Niegan que el mosquito de la malaria habite lAlbufera tras hallarlo en el Ebro

La UV explica que el hecho de que l' Albufera esté más transformada por el hombre ha frenado su desarrollo.

En un año, los investigadores de la UV detectaron 10.000 «anopheles atroparvus» en el Delta del Ebro
En un año, los investigadores de la UV detectaron 10.000 «anopheles atroparvus» en el Delta del Ebro

VALENCIA- La presión a la que el hombre ha sometido a L' Albufera de Valencia la ha convertido en un humedal a salvo de la malaria. Ni el cambio climático ni el global- entendido este último como las modificaciones en los comportamientos, especialmente en lo que se refiere al incremento de los movimientos migratorios- hace posible que hoy en día pudiera extenderse esta enfermedad mortal. Un estudio elaborado por la Unidad de Parasitología de la Facultad de Farmacia de la Universitat de la Universitat de València enmarcada dentro del proyecto europeo EDEN, determina que el cambio en los cultivos, la construcción y la desaparición de las granjas de animales ha provocado que en L' Albufera no existan mosquitos «anopheles», susceptibles de llevar el parásito que provoca la malaria. Sin embargo, en el Delta del Ebro, situado a poco más de 200 kilómetros del humedal valenciano, sí se han detectado estos mosquitos. La doctora María Dolores Bargues, directora del proyecto, explicó que en sólo un año se han capturado 10.000 «anopheles atroparvus», especie con gran capacidad de trasmisión. Además, el incremento de las temperaturas ha provocado que su presencia durante al año sea mayor. Estos mosquitos encuentran la temperatura idónea desde mayo hasta octubre, mientras que hace 30 años sólo era de junio a septiembre.En el Delta del Ebro se conserva mayor superficie de zona húmeda y predomina el cultivo latifundista, al contrario que en Valencia. La población de riesgo se limita a turistas y viajeros, que pueden ir más desprotegidos frente a los mosquitos y estar, al mismo tiempo más expuestos. Sin embargo, Bargues aseguró tajantemente que el sistema sanitario impediría la expansión de la enfermad, en el caso de que alguien quedara contagiado.El estudio también determina el comportamiento de otras enfermedades a raíz del cambio climático y global. El doctor catedrático de Biología Celular y Parasitología de la Facultad de Farmacia, Santiago Coma, explicó que las enfermedades relacionadas con garrapatas han aumentado debido al cambio climático, y por el contrario las que trasmiten los roedores están relacionadas con el cambio global.

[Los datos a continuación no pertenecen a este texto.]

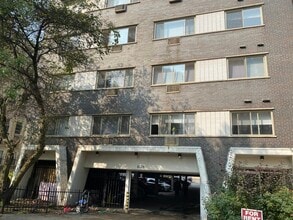 Building Photo - 6128 N Kenmore Ave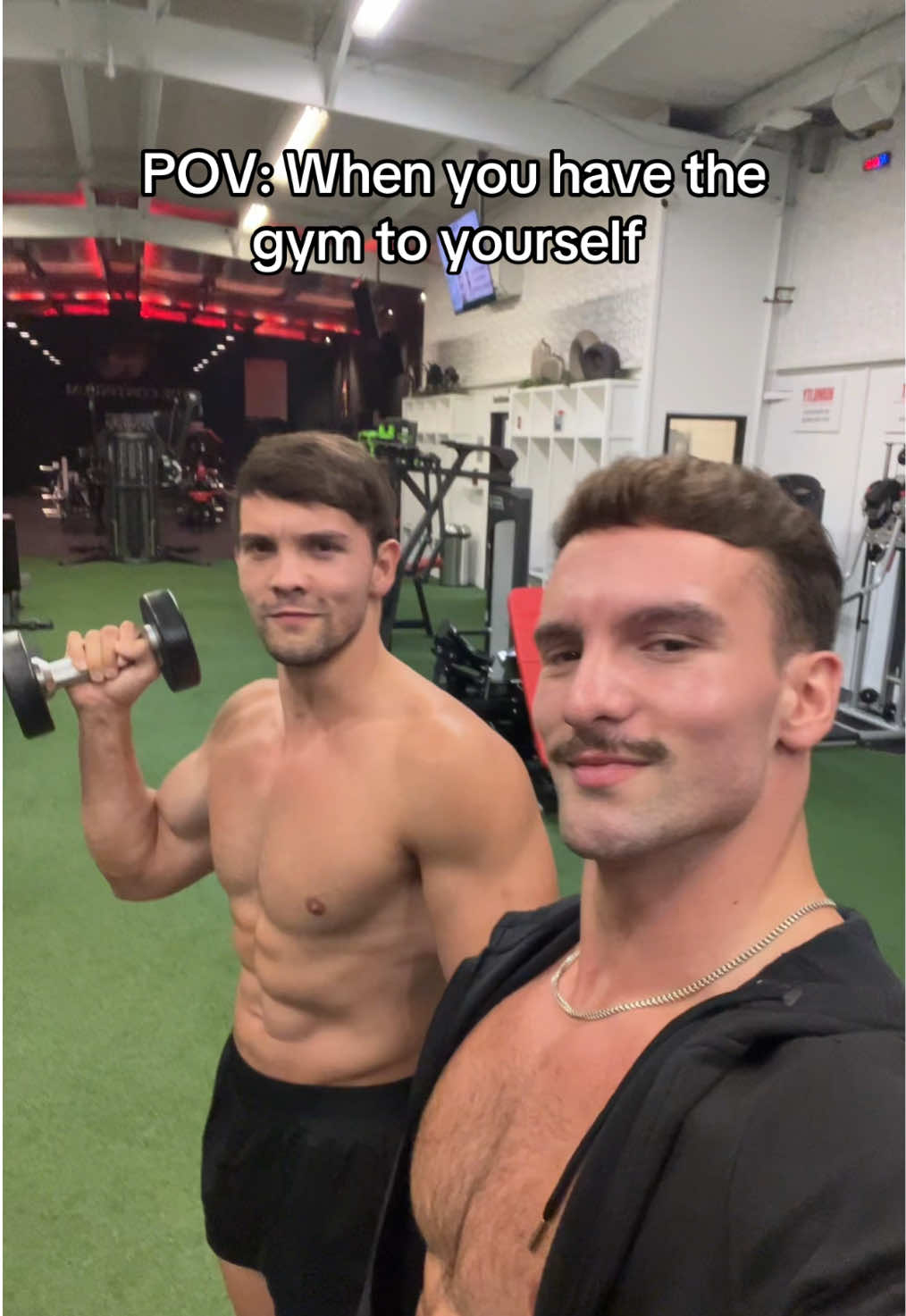 Definitely a vibe!! 🔥💪🏼 -Tag your gym partner  #twinsoftiktok#emptygym#fyp#foryou#Fitness 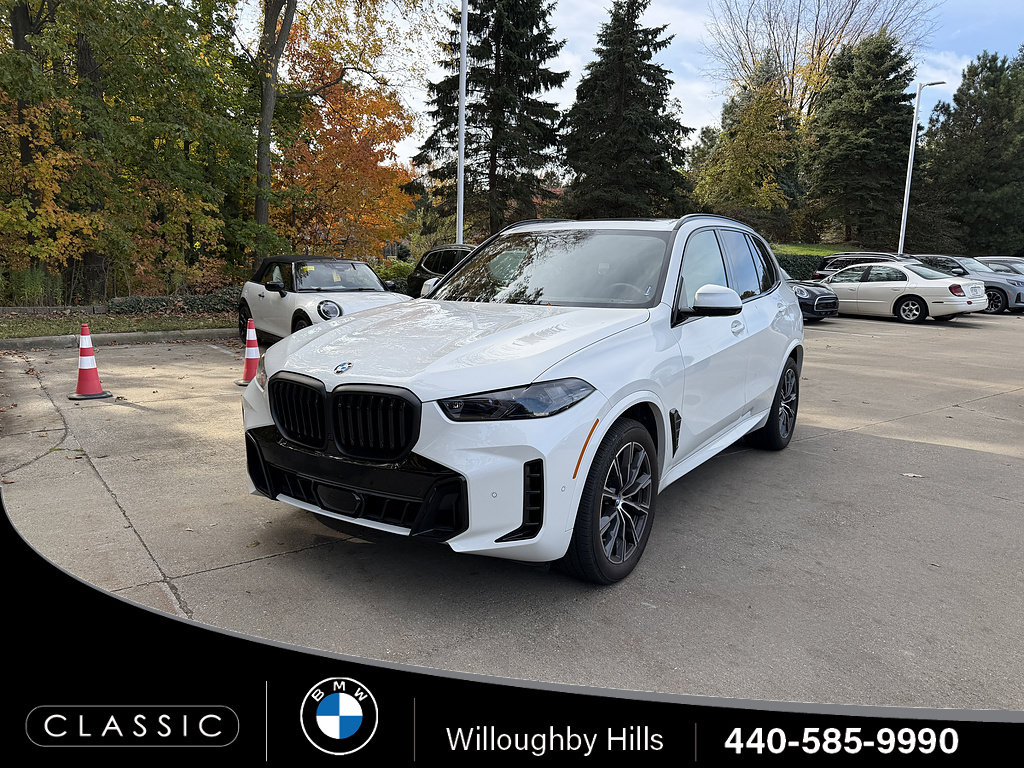 Used 2024 BMW X5 xDrive40i w/ M Sport Package AWD/4WD image 1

Cambios y enfermedadesEl proyecto EDEN, en el que han participado 24 países y 48 centros especializados, ha analizado el riesgo de introducción de la malaria, la leismaniasis, las enfermedades causadas por el virus del Nilo o por las garrapatas, las virosis de origen en roedores o la fiebre del Valle del Rift. El catedrático Santiago Mas Comas advirtió de que la leismaniasis, propia del Mediterráneo se ha extendido a Francia o Alemania por el aumento de turistas que traen sus perros al sur de Europa. Además, incidió en que un can infectado debe ser sacrificado porque podría trasmitir la enfermedad al hombre si le picase de nuevo un mosquito, y este mismo insecto a un hombre.